No se piense que la pobreza que soportó en la infancia la abandonó después, en la madurez de la edad. Basta fijarse en lo que dice de sí mismo. El Hijo del hombre no tiene donde reclinar la cabeza (Mt 8,20). Jerónimo expone estas palabras diciendo: ¿Por qué quieres seguirme por motivo de riquezas y ganancias mundanas, cuando soy tan pobre que ni una casetilla tengo y debo ponerme bajo techo ajeno? El Crisóstomo, exponiendo estas mismas palabras, dice’: Fíjate bien cómo el Señor manifestó con obras la pobreza que había enseñado. No tenía mesa, ni candil, ni casa, ni cosa alguna de este orden. Ahora bien, esta pobreza pertenece a la perfección que el Señor enseñó de palabra y de la que dio muestra por medio de las obras. Por consiguiente, el carecer totalmente de posesiones terrenas forma parte de la perfección de la vida cristiana.

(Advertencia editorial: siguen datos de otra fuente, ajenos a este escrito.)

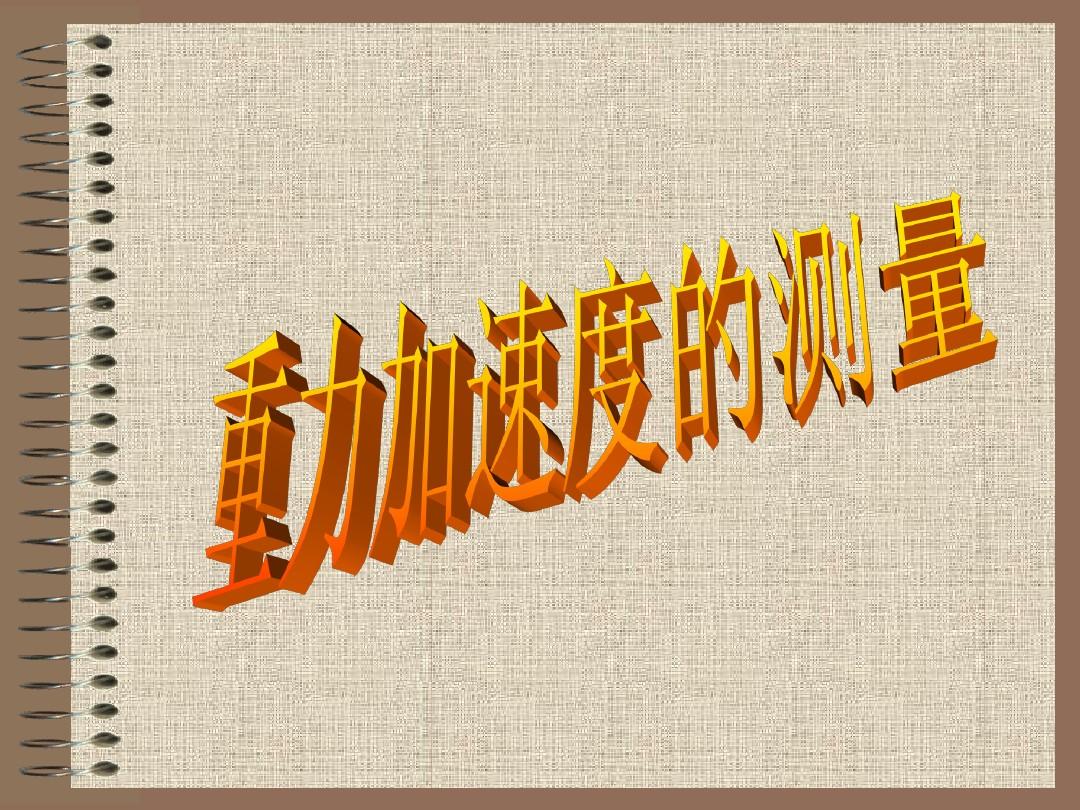 打点计时器求加速度_加速度打点计时器实验公式推导_打电计时器加速度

Avanzando más, encontramos otro testimonio de la pobreza de Cristo. Cuando de él se reclamaba tributo, dijo a Pedro: Vete al mar, echa el anzuelo, y el primer pez que pique cógelo, ábrele la boca y encontrarás la estatera; tómala y entrégala por mí y por ti (Mt 17,27). Exponiendo este pasaje, dice Jerónimo: Esto, entendido sencillamente o tal como suena, edifica al oyente, porque oye cuán grande fue la pobreza del Señor, cuando ni siquiera tenía para pagar el tributo por sí mismo y por su apóstol. Si alguien quisiera objetar ¿cómo es que Judas tenía dinero en una bolsa? doy esta respuesta: El señor consideró que no está permitido tomar para uso personal lo que pertenece a los pobres y nos dejó a nosotros este ejemplo.

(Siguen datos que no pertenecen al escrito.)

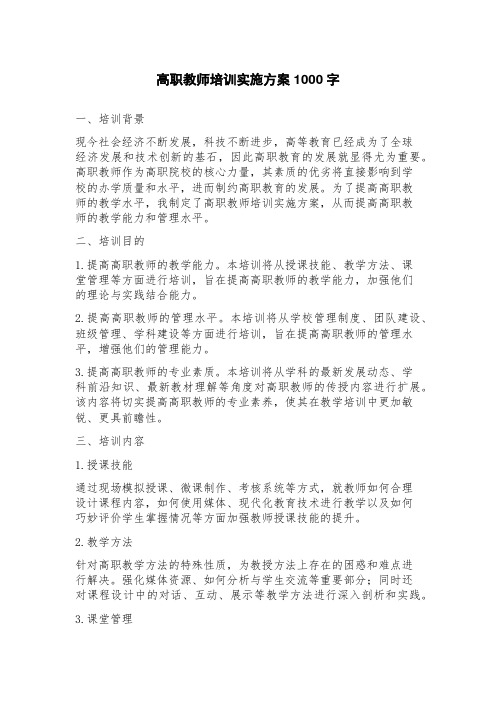 高职教师培训实施方案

Ahora bien, es evidente y ningún cristiano puede tener la menor duda de que Cristo en su modo de vivir cumplió lo más perfecto. Por lo que se refiere a la perfección de la pobreza, decía: Si quieres ser perfecto, vete, vende todo lo que tienes y dalo a los pobres; y ven y sígueme (Mt 19,21): en lo cual está la cima de la perfección, como dice Jerónimo. Por consiguiente, la suprema perfección de la pobreza consiste en que, a ejemplo de Cristo, algunos hombres carezcan de posesiones, y que si reservan algo sea para servicio de los pobres, principalmente de aquellos cuya atención les incumbe. Así es como hizo el Señor, el cual, con las dádivas que le eran hechas, sostenía principalmente a los discípulos, que habían abrazado la pobreza por amor a él.

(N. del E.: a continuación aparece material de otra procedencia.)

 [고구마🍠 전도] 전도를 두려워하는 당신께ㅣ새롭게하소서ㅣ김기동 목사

Entre las cosas que Cristo durante su vida mortal hizo o padeció, el principal ejemplo propuesto a la imitación de los cristianos, es el de la cruz veneranda. Es el Señor mismo quien lo dice: Si alguien quiere venir en pos de mí, niéguese a sí mismo, cargue con su cruz y me siga (Mt 16,24). El Apóstol, sintiéndose como clavado juntamente con Cristo en la cruz y poniendo su gloria en la sola cruz, y siguiendo con diligencia el rastro de la cruz, decía: Yo llevo en mi cuerpo los estigmas del Señor (Gál 6,17).

Ahora bien, entre los distintivos de la cruz, se cuenta la pobreza, consistente en que Jesús fue privado de todo lo exterior, hasta quedar desnudo. Con referencia a él, se dice en un Salmo: Se repartieron mis vestidos y echaron a suerte mi túnica (Sal 21,19). Esta desnudez de cruz consistente en pobreza voluntaria la siguen principalmente quienes carecen de posesiones rentables. Por este motivo, al presbítero Paulino le dice Jerónimo: Tú escuchaste la sentencia del Salvador: «Si quieres ser perfecto, vete, vende todo lo que tienes y dalo a los pobres, luego ven y sígueme». Y escuchada la sentencia, transformas las palabras en obras y, desnudo, sigues la cruz desnuda, subiendo la escala a paso más rápido y con menos peso. Un poco más adelante añade: No hay grandeza alguna en que, con rostro triste y macilento, alguien simule o haga ostentación de los ayunos, quien se presente con manto pobre, gozando al mismo tiempo de pingües rentas. Es, por tanto, evidente que son enemigos de la cruz de Cristo los susodichos adversarios de la pobreza, los cuales, guiados por criterios terrenos, piensan que las posesiones pertenecen a la perfección cristiana y que rechazarlas causa merma en la perfección.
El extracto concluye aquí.